Thailand’s Big Stimulus Borrowing Could Spur Yield-Curve Control
By Lilian Karunungan and Anuchit Nguyen
April 17, 2020, 4:00 AM GMT+7

Bloomberg/asia


  • Government to raise up to $30.6 billion to inject into economy
  • Bank of Thailand has studied options like yield-curve control


Thailand’s 1 trillion baht ($30.6 billion) borrowing program for economic stimulus could spur central bank steps to keep a lid on bond yields.

The government is set to start raising money as early as May, stoking questions about the outlook for bonds. A plausible scenario is that the Bank of Thailand deploys unconventional policies to temper borrowing costs if necessary, according to DBS Group Holdings Ltd.

“The borrowing is quite sizable and will put upward pressure on longer-term government yields, all else equal,” said Eugene Leow, a fixed-income strategist at DBS in Singapore. “The Bank of Thailand could embark on quantitative easing or yield-curve control. At this point, yields still seem low.”




A senior director at the central bank, Don Nakornthab, said earlier this week it’s studied unconventional options such as a large-scale asset purchase program and some form of yield-curve control, should they be needed. The government is looking at a mix of instruments, not just sovereign bonds, for the fund raising program that could run up to September 2021.

‘Huge’ Borrowing


At 1 trillion baht, the additional borrowing is more than double the average annual budget deficit of recent years, according to Australia & New Zealand Banking Group Ltd.

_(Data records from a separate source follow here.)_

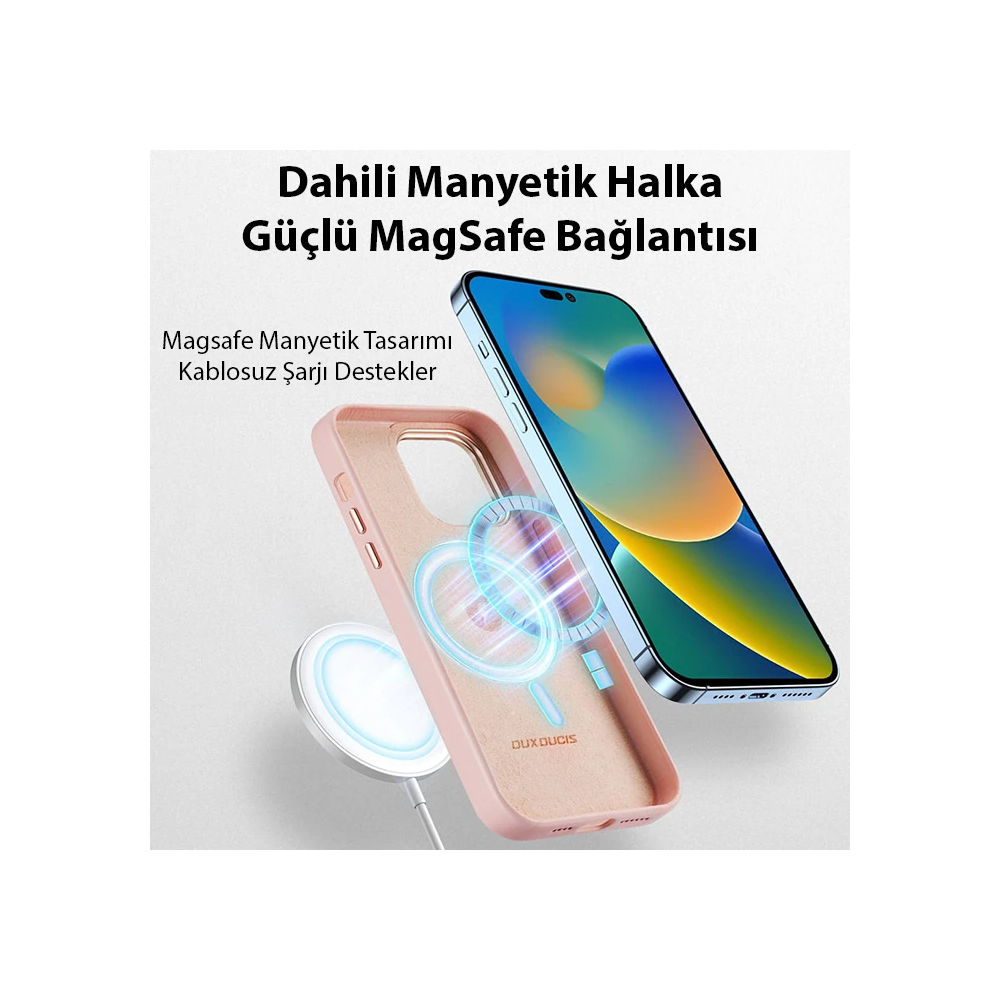 Dux Ducis Grit Series iPhone 14 Pro 6.1inç Premium MagSafe Uyumlu Kılı
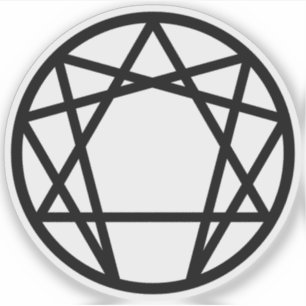 The Enneagram (black) Sticker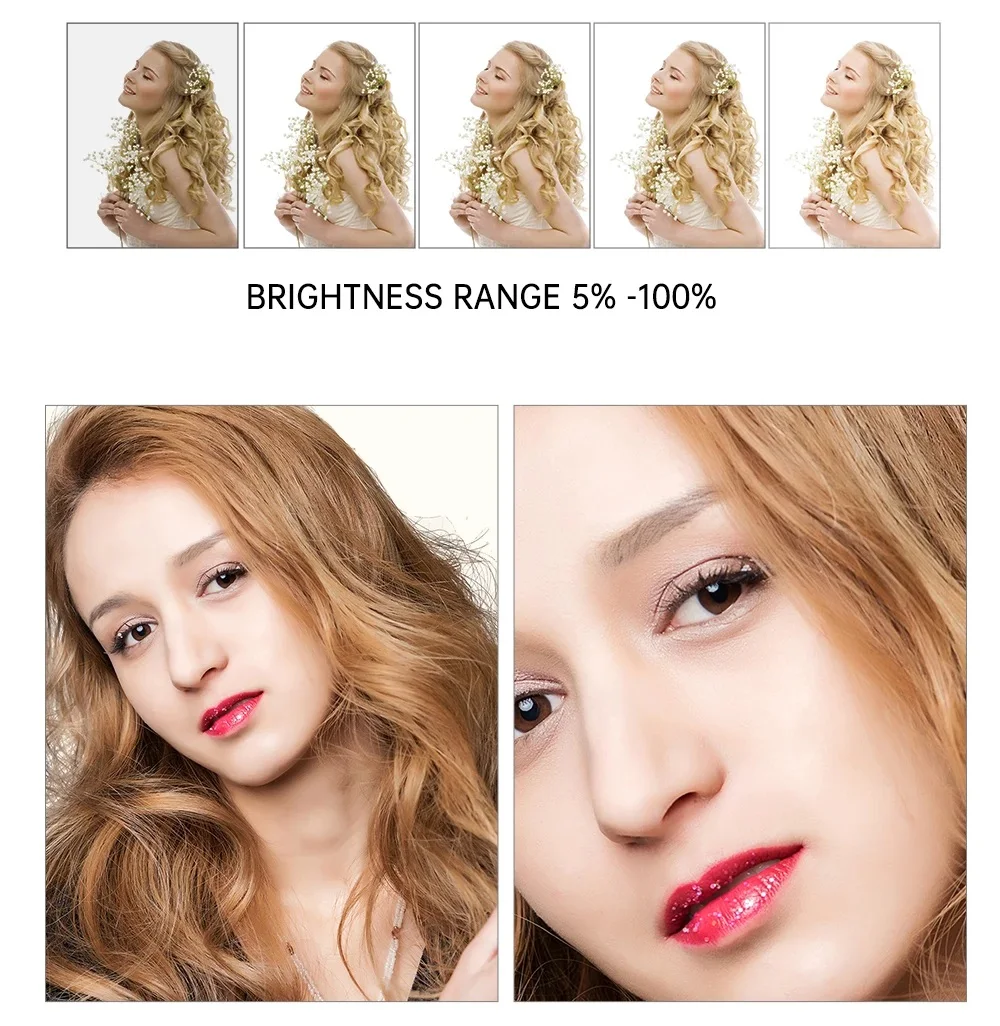 Штатив с регулируемой яркостью для селфи 19 дюймов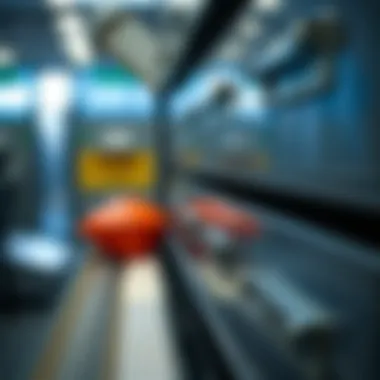 Quality Materials in Metal File Cabinets Close-up view of high-quality metal material in use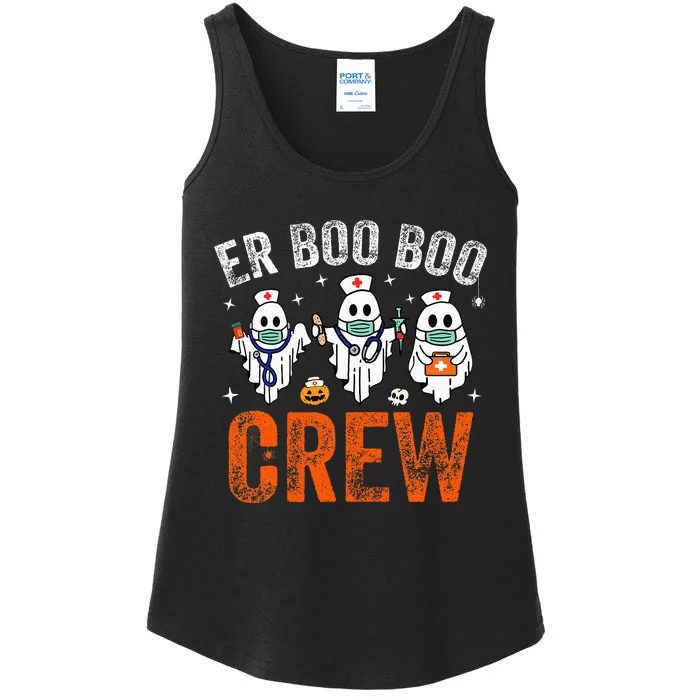 Emergency Room Nurse Crew Funny Halloween ER Nurse Costume Ladies Essential Tank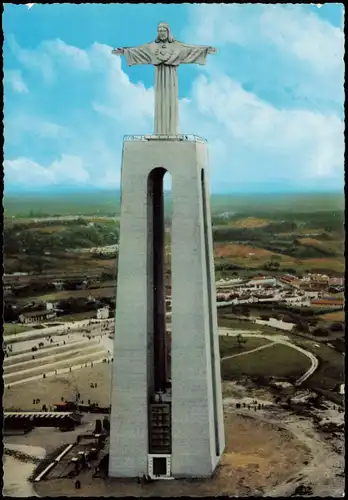 Postcard Almada Christusstatue 1966
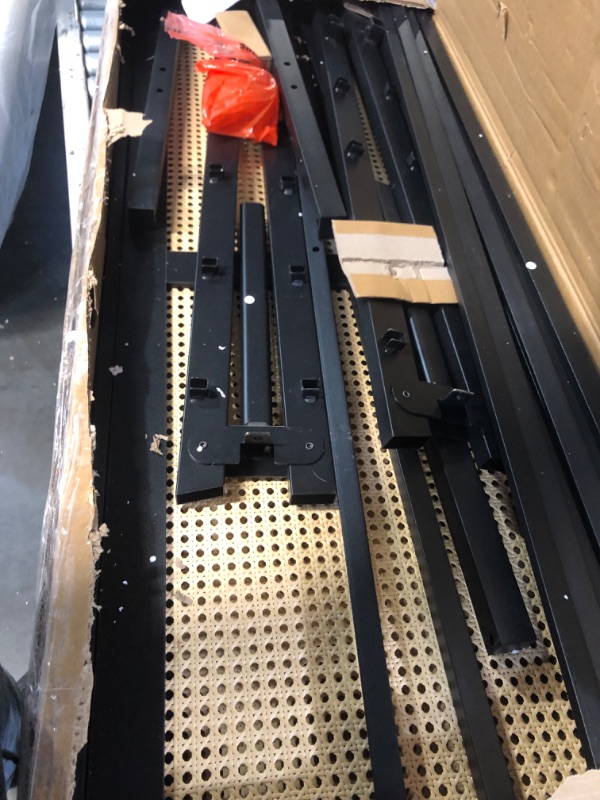 Photo 1 of ***PARTS ONLY***IDEALHOUSE Queen Bed Frame with 4 Storage Drawers and Headboard, Adjustable Upholstered Headboard Beds Mattress Foundation with Wood Slat Support, No Box Spring Needed
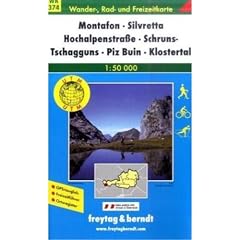 Freytag Berndt Wanderkarten, WK 374, Montafon - Silvretta - Hochalpenstrasse - Schruns - Tschagguns - Piz Buin - Klostertal 1:50.000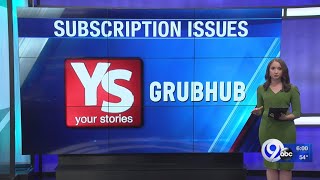 Grubhub Subscription Issues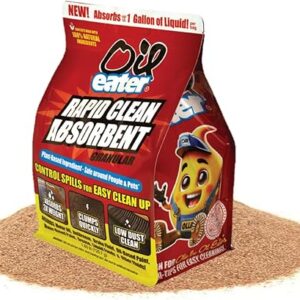 Rapid Clean Absorbent for Oil Spills, Automotive Spills, Paint Spills, Food Spills & Other Fluids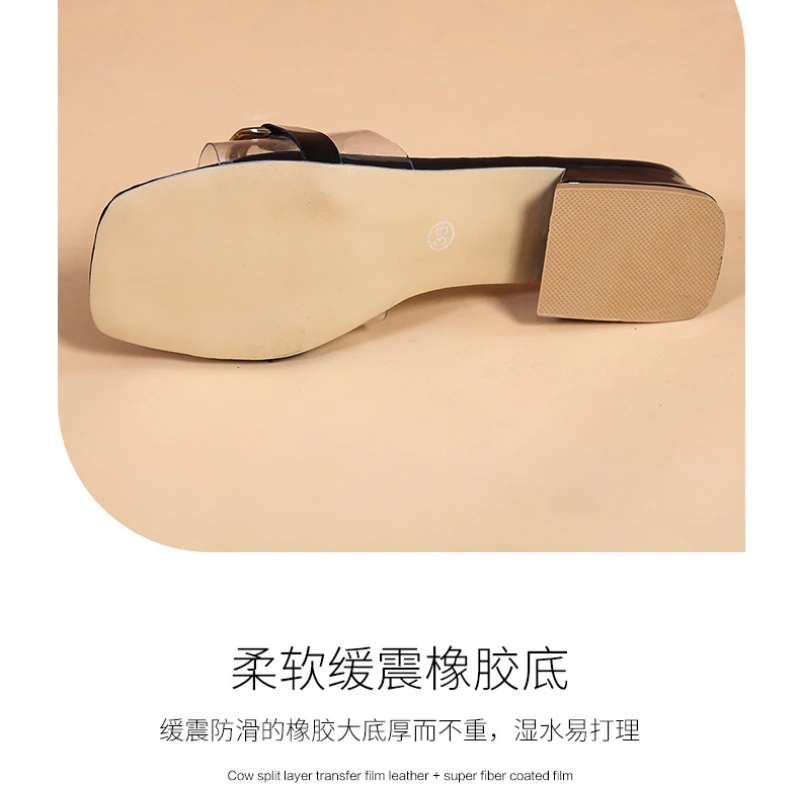 Sandals Women 2023 High Heels Slippers Solid Flip Flops Platform Sandalias Summer New Shoes Pantuflas	 Chaussure Femme Chanclas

“How this huge borrowing plan will affect liquidity is the big question in the market now,” said Nunmanus Piamthipmanus, chief investment officer at Bangkok-based SCB Asset Management Co. “The hope is that it’s done in steps, using a variety funding sources.”
The Bank of Thailand has stepped in with a liquidity backstop for the fixed-income mutual fund and corporate bond sectors after the coronavirus pandemic stoked investor panic.

Thailand has the biggest Southeast Asian local-currency bond market, worth $446 billion at the end of 2019, according to the Asian Development Bank. Foreign ownership is low, at about 6% of outstanding debt, Thai Bond Market Association figures show.

A Bloomberg Barclays index of Thai bonds has climbed almost 1% in dollar terms so far in April, after plunging more than 7% in March. The yield on the 10-year sovereign bond has declined to 1.35% from a recent peak of 1.79% on March 19.

Thailand relies on tourism and exports, but both are slumping amid the coronavirus outbreak, adding pressure for government stimulus.
The nation is on course for a 6.7% contraction in gross domestic product this year, the worst outlook among leading Southeast Asian economies, the International Monetary Fund estimates.